A numerical source apportionment approach for quantifying the spatial-temporal water quality responses to watershed loadings
ZOU Rui1,2, SU Han3, CHEN Yan4, YE Rui5, ZHAO Lei2, LIU Yong3
1. Tetra Tech, Inc. 10306 Eaton Place, Ste 340, Fairfax, VA 22030, USA;
2. Yunnan Key Laboratory of Pollution Process and Management of Plateau Lake-Watershed, Kunming 650034, China;
3. College of Environmental Science and Engineering, Key Laboratory of Water and Sediment Sciences, Ministry of Education, Peking University, Beijing 100871, China;
4. Chinese Academy for Environmental Planning, Beijing 100012, China;
5. Nanjing Smart Water Corporation Limited, Nanjing 210012, China
A new method, Numerical Source Apportionment (NSA) approach,was proposed based on the widely applied water quality model, The Environmental Fluid Dynamics Code (EFDC), to get the source component of pollutants, theoretically for any location of the lake at any time.
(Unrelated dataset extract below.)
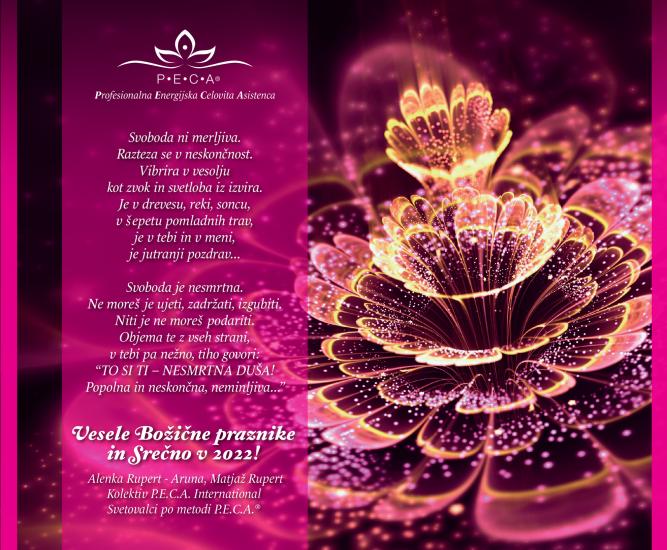 Božično-novoletno voščilo 2021/22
The main idea behind was to take partial derivative of water quality equation with respect to each polluting source. After that, a set of partial differential equations were derived from one water quality partial differential equation. These equations were then solved together with hydrodynamic model in EFDC. As a result, by running model only one time, the contribution of each polluting source at each spatial and temporal point could be achieved. Generalized Lake Fuxian model was taken to validate NSA. Source apportionment results of NSA are coordinate with traditional perturbation method, which validated NSA method. On the other hand, for there were 34independent polluting source in numerical case study, to get source apportionment results traditional perturbation method had to run model for 35 times while NSA only required one time which indicated NSA has obvious advantage on computation efficiency. Further analysis showed NSA could provide more precise description on the dynamic of source apportionment.
邹锐, 苏晗, 陈岩, 叶瑞, 赵磊, 刘永. 流域污染负荷水质响应的时空数值源解析方法研究[J]. 中国环境科学, 2016, 36(12): 3639-3649.
ZOU Rui, SU Han, CHEN Yan, YE Rui, ZHAO Lei, LIU Yong. A numerical source apportionment approach for quantifying the spatial-temporal water quality responses to watershed loadings. CHINA ENVIRONMENTAL SCIENCECE, 2016, 36(12): 3639-3649.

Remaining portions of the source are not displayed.